This has been a busy year for me: undertaking National Board
certification, chairing my department, teaching a couple of new-to-me
courses. It may be my seventh year of
teaching, but—as always—I feel a little bit like a rookie trying to figure
things out. My family and friends
outside the profession say I’m a perfectionist, but I see myself as always
being in the midst of the very messy process of revision.
I’m always trying to get better:
· How can I get
my kids past the raw comprehension of Othello and into the
study of
Shakespeare’s language choices?
· How can I
move students from making inferences as they read to recognizing
patterns
throughout the entire text?
· How can I create student independence in the
thinking and writing process?
· Etc. Etc.
Etc.
Now, as I embark on my newest endeavor, leading the GWP’s
study group on Writing Craft, I find myself asking more and more questions:
· What books
should we study?
· With the push
towards argument and informational writing, where does
narrative writing fit
in?
· How can we
make room in our classrooms for narrative writing despite our
other time
constraints?
Narrative writing is something that English teachers have
always excelled in, but we need to be careful not to throw the baby out with
the bathwater. Over the past few months,
I’ve begun to realize that my baby might be long gone. The thing is, the rest of the community and
our administration haven’t even realized my baby is missing yet. I’m being contacted left and right about this
writing contest and that guest-poet, told second-hand of my administration’s
full commitment to our students taking advantage of these opportunities, and
left wondering how I am supposed to do it all.

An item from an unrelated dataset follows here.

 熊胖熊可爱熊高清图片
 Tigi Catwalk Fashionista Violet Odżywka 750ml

As teachers, we deal in the currency of time. A mandatory assembly here and test-prep
lesson there are time spent that can never be recovered. Yes, perhaps it is an investment, but will we
ever see the return? And what about the
bills we have yet to pay: critical reading and analysis, argument writing,
informational writing, performance tasks?

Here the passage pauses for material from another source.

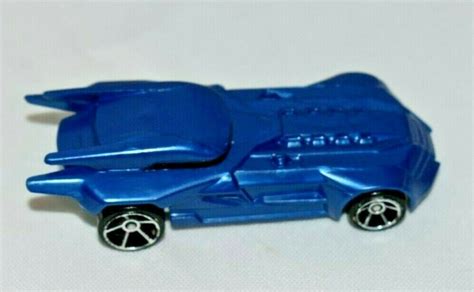 Hot Wheels DC Comics Batmobile Blue Malaysia FWG EBay Hot Wheels Batmobile Dc Comics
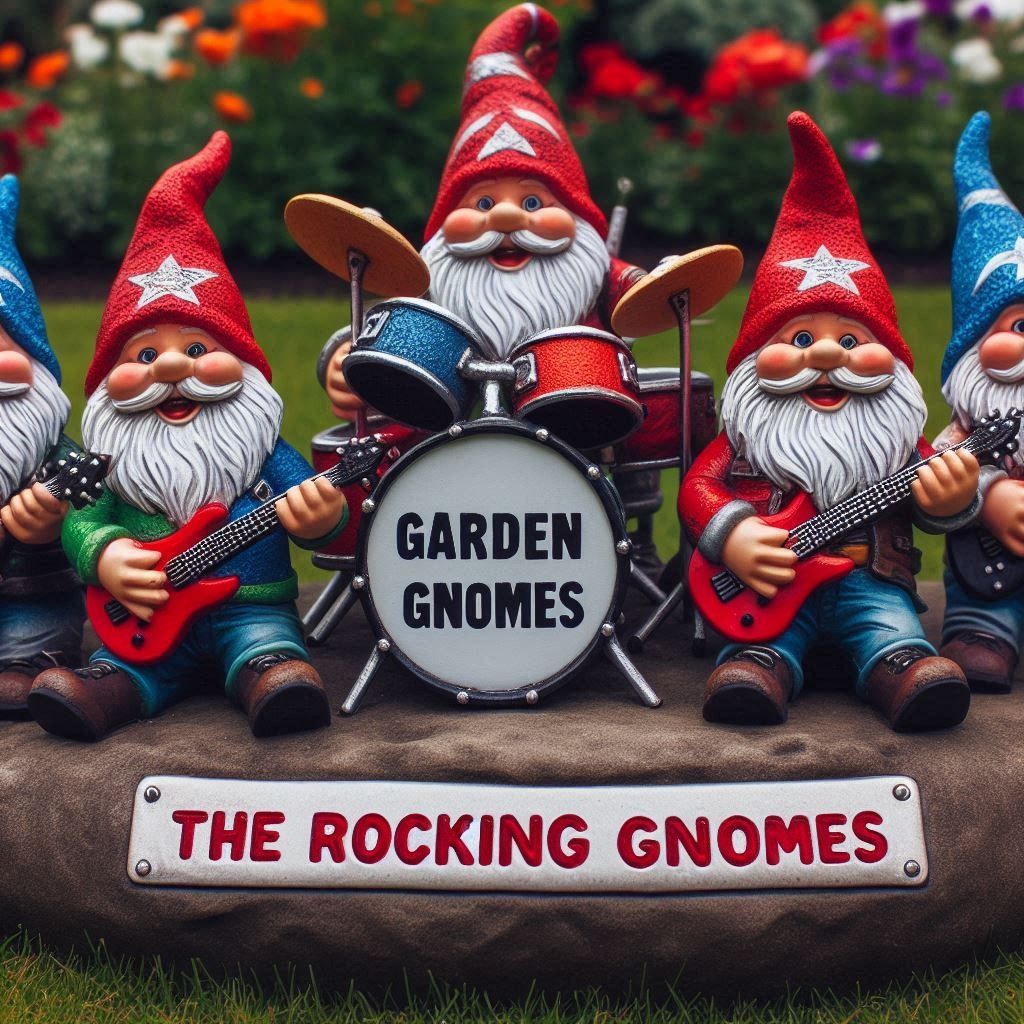 The rocking  gnomes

Is there any time left to budget towards narrative writing?
Tough questions. I
think the answer is that we have to make time for narrative writing. So, how do we do this? And how do we convince the rest of the world
that class time working on narrative writing is time well spent? I hope these are questions our Writing Craft
Study Group will be able to answer.
Caroline--I have the same dilemma. When you find the answer, you can become a national consultant and travel all over the country, because I think ALL teachers are torn up about this.